[Stored items]
######

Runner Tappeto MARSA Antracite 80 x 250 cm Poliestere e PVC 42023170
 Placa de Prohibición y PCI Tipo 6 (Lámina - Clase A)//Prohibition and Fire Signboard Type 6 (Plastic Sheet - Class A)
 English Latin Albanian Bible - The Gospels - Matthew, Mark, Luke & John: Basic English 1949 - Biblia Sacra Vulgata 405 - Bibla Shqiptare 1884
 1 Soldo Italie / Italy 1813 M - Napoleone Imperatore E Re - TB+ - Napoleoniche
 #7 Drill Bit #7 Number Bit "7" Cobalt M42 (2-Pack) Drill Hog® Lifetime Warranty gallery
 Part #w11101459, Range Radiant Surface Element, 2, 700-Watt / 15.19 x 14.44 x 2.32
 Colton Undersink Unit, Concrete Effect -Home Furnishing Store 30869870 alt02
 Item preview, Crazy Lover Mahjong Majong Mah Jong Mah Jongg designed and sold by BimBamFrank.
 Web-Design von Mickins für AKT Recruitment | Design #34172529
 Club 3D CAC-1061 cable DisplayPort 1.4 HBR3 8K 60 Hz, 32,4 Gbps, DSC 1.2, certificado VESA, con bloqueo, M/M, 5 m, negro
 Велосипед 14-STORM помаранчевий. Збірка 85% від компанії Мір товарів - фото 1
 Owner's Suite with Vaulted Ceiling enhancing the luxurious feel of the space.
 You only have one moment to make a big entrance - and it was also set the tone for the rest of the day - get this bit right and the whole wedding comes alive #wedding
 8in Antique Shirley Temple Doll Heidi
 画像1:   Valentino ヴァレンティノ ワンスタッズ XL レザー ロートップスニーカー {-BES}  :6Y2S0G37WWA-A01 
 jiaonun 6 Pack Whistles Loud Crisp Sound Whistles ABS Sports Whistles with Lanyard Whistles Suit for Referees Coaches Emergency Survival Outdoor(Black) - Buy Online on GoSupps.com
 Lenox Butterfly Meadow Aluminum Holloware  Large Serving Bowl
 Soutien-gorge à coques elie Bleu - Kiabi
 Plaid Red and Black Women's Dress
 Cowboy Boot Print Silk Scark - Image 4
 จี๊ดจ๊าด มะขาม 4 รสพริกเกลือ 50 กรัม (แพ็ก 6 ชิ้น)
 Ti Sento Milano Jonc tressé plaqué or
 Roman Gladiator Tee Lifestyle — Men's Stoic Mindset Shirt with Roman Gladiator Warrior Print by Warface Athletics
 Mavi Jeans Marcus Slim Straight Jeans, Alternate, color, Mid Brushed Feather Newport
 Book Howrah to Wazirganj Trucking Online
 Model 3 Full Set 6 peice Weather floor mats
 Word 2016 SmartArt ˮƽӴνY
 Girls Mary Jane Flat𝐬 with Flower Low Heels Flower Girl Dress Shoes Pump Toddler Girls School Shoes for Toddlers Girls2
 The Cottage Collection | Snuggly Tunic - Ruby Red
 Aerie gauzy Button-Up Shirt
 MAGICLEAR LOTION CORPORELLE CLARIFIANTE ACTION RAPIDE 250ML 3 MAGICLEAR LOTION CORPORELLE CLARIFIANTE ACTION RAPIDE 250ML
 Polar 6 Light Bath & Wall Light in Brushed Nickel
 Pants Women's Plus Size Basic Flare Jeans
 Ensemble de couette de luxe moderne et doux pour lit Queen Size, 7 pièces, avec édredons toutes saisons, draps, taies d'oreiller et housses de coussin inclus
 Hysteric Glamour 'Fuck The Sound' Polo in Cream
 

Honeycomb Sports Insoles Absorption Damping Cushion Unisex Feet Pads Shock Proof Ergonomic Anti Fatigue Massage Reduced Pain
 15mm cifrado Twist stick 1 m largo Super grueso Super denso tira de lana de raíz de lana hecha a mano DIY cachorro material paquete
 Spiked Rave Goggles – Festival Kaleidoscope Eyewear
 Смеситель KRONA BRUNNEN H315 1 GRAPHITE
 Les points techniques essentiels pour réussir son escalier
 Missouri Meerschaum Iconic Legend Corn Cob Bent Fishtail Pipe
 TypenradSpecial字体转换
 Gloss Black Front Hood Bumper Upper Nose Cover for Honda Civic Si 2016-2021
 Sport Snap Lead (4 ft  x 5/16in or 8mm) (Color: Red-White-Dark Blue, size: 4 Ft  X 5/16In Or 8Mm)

######

WHAT THE EXERCISE ASKS
Going back over the entries above, copy word for word every line from the one that has "Aerie gauzy Button-Up Shirt" on through the one that has "Gloss Black Front".

YOUR RESPONSE
 Aerie gauzy Button-Up Shirt
 MAGICLEAR LOTION CORPORELLE CLARIFIANTE ACTION RAPIDE 250ML 3 MAGICLEAR LOTION CORPORELLE CLARIFIANTE ACTION RAPIDE 250ML
 Polar 6 Light Bath & Wall Light in Brushed Nickel
 Pants Women's Plus Size Basic Flare Jeans
 Ensemble de couette de luxe moderne et doux pour lit Queen Size, 7 pièces, avec édredons toutes saisons, draps, taies d'oreiller et housses de coussin inclus
 Hysteric Glamour 'Fuck The Sound' Polo in Cream
 

Honeycomb Sports Insoles Absorption Damping Cushion Unisex Feet Pads Shock Proof Ergonomic Anti Fatigue Massage Reduced Pain
 15mm cifrado Twist stick 1 m largo Super grueso Super denso tira de lana de raíz de lana hecha a mano DIY cachorro material paquete
 Spiked Rave Goggles – Festival Kaleidoscope Eyewear
 Смеситель KRONA BRUNNEN H315 1 GRAPHITE
 Les points techniques essentiels pour réussir son escalier
 Missouri Meerschaum Iconic Legend Corn Cob Bent Fishtail Pipe
 TypenradSpecial字体转换
 Gloss Black Front Hood Bumper Upper Nose Cover for Honda Civic Si 2016-2021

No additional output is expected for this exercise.